[LINK] 'true' cost of bandwidth?

Tom Koltai tomk at unwired.com.au
Sun May 3 21:31:08 AEST 2009



> -----Original Message-----
> From: link-bounces at mailman1.anu.edu.au 
> [mailto:link-bounces at mailman1.anu.edu.au] On Behalf Of Leah Manta
> Sent: Sunday, 3 May 2009 6:18 PM
> To: Scott Howard
> Cc: Jan Whitaker; link at anu.edu.au
> Subject: Re: [LINK] 'true' cost of bandwidth?
> 
> 
> At 02:35 03/05/2009, you wrote:
> 
> >What a completely bogus argument.  I'd expect that of 
> Slashdot, but not 
> >of the NY Times.  This is equivalent to claiming that if one day 
> >everyone decided to avoid Victoria Road in Sydney, then the 
> cost to the 
> >government would be exactly the same as on a day when the 
> entire Sydney 
> >population tried to use it.  That statement is completely true, of 
> >course, but it's also completely irrelevant to the true cost of 
> >maintaining the infrastructure involved.
> 
> I think they are specifically saying that "bits and bytes" on the 
> wire cost nothing more or less than the cost of the wire.
> 
> If I have a 100 Mbps pipe and I put nothing over it, I'm still paying 
> for a 100 Mbps pipe.  If I move 100 Mbps data across it, I'm still 
> paying for a 100 Mbps pipe.
> 
> Years ago Data charging didn't exist in the USA.  It was about ports 
> and pipes.  The port cost X and the pipe size cost Y.  Y was defined 
> as the number of TDM slots needed to move your data from A to B.  The 
> more data you needed to move over bigger pipes the more TDM slots you 
> needed on the fibre and hence your share cost more.
> 
> But that doesn't mean DATA moving, or NOT moving, across the 
> pipe costs more.
> 

<snip>

Actually, I disagree.

The two most expensive running costs of maintaining the net are power
and cooling.
A Cisco 7640 with 0 data across its backplane runs a lot cooler than one
with a full load of 100 Mb per 100 Mb port

So power and cooling alone - are a significant cost in running a network
at empty or under full load.
I have logs on power consumption for networks from 64Kb right through to
OC48 switch rooms. (Sacramento)
About 12 years of data in all.

Additionally, the heat genrated from a router switching a full ACL
privides a high failure rate on cards that were not always designed to
"exceed" the spec (see Adrians post earlier) 

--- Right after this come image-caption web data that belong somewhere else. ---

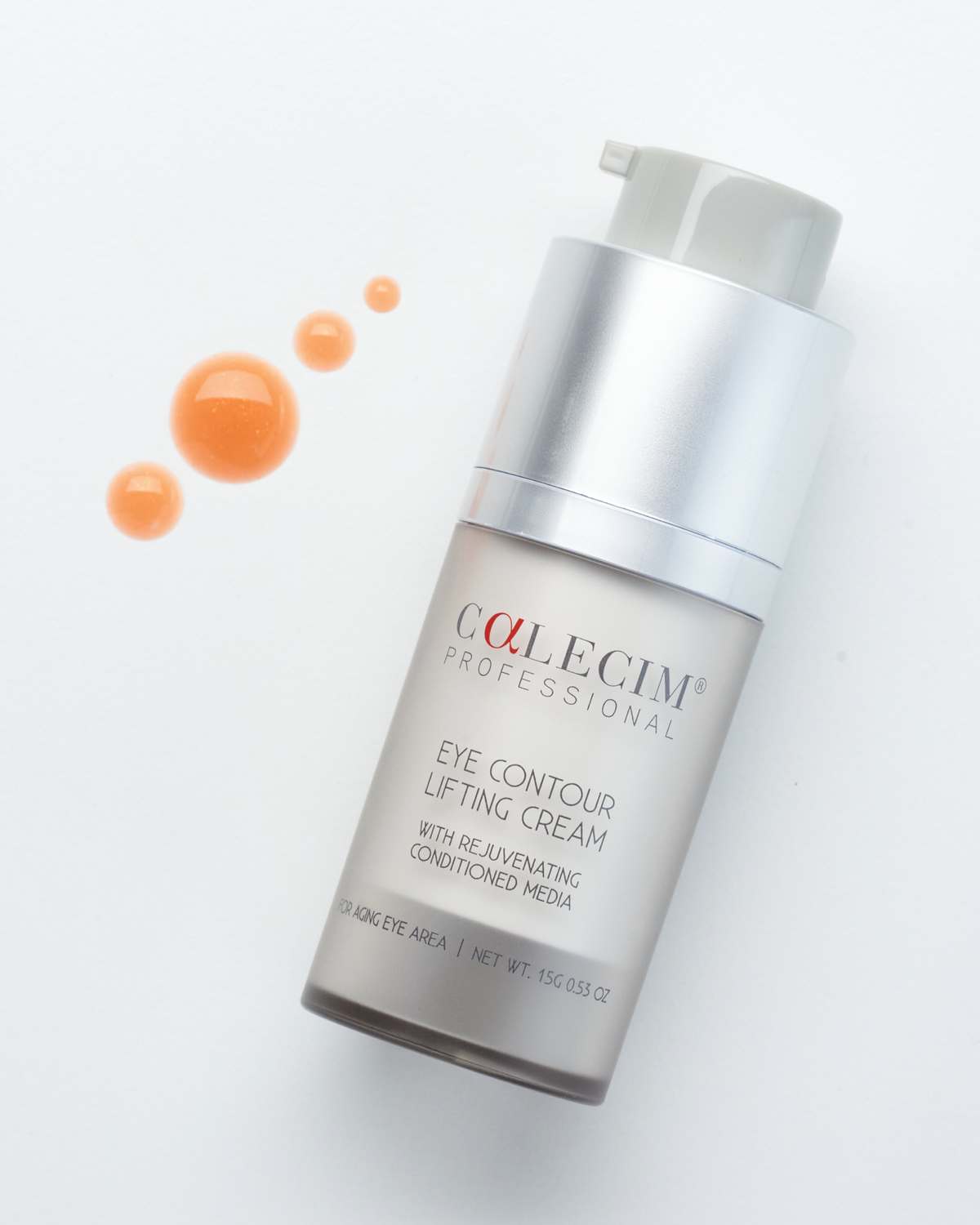Eye Contour Lifting Cream 15g – Calecim Pro Eye Contour Lifting Cream 15g – Calecim Pro
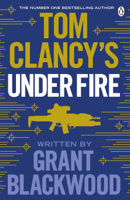 Grant Blackwood - Tom Clancy's Under Fire artwork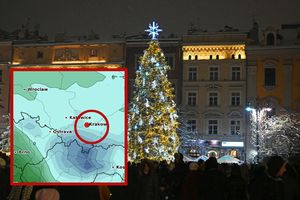 Pogoda na święta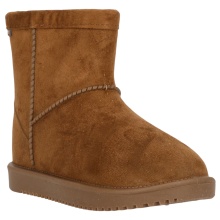 Zigzag Winter Boots Dax Boot Warm WP (waterproof) light brown girls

The next highest cost after bandwidth is replacement power supplies
(about one power supplt per fully loaded switch/router every 7 months -
empty routers power supplies last for 4-5 years) replacement cards, QOS
switches (so that when the pipes are fill corp customers still get what
they're paying for.

So Scott, unfortunately your argument is only partly true. Yes, the
bandwidth does not increase.
But the administration management of peering requests, transit/peering
renegotiation costs, QOS tunneling, help desk for QOS issues,
replacement power supplies, replacement cards, disk management (for
cache/squid) etc is a hell of a lot higher under a full 100 Mb than an
empty one.
Bandwidth is a very small part of the cost of running an ISP.